Sont susceptibles de présenter un lien, même indirect, avec le texte déposé, les dispositions relatives :
- à la révision sur le fondement de l'indice des loyers commerciaux des baux des entreprises artisanales ou commerciales ;
- à la révision sur le fondement de l'indice de référence des loyers des baux d'habitation du parc privé et du parc social, des bâtiments d'habitation dans le cadre du fermage, des contrats de location-accession à la propriété immobilière et des loyers de référence là où est expérimenté l'encadrement de loyers.
EXAMEN EN COMMISSION
Réunie le mercredi 21 juin 2023, la commission a examiné le rapport de Mme Dominique Estrosi Sassone sur la proposition de loi n° 760 (2022-2023) maintenant provisoirement un dispositif de plafonnement de revalorisation de la variation annuelle des indices locatifs.

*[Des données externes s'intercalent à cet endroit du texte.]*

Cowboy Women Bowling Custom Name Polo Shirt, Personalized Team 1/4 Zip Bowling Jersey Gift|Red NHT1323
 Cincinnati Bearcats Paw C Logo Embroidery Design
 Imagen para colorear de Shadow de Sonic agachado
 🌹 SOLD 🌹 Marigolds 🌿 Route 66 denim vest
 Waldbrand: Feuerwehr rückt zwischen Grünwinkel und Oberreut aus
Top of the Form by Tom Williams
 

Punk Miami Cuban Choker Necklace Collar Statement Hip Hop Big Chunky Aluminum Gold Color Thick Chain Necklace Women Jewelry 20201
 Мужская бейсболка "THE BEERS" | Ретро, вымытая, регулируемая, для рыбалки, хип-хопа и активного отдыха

https://www.senat.fr/compte-rendu-commissions/20 230 619/ecos.html#toc4
* 1 https://www.insee.fr/fr/statistiques/7625 341
* 2 https://www.insee.fr/fr/statistiques/7625 852
* 3 Cf. commentaire de la décision n° 2010-617 DC du 9 novembre 2010 - Loi portant réforme des retraites.
* 4 Cf. par exemple les décisions n° 2015-719 DC du 13 août 2015 - Loi portant adaptation de la procédure pénale au droit de l'Union européenne et n° 2016-738 DC du 10 novembre 2016 - Loi visant à renforcer la liberté, l'indépendance et le pluralisme des médias.
* 5 Décision n° 2007-546 DC du 25 janvier 2007 - Loi ratifiant l'ordonnance n° 2005-1040 du 26 août 2005 relative à l'organisation de certaines professions de santé et à la répression de l'usurpation de titres et de l'exercice illégal de ces professions et modifiant le code de la santé publique.
* 6 Décision n° 2020-802 DC du 30 juillet 2020 - Loi organique portant report de l'élection de six sénateurs représentant les Français établis hors de France et des élections partielles pour les députés et les sénateurs représentant les Français établis hors de France.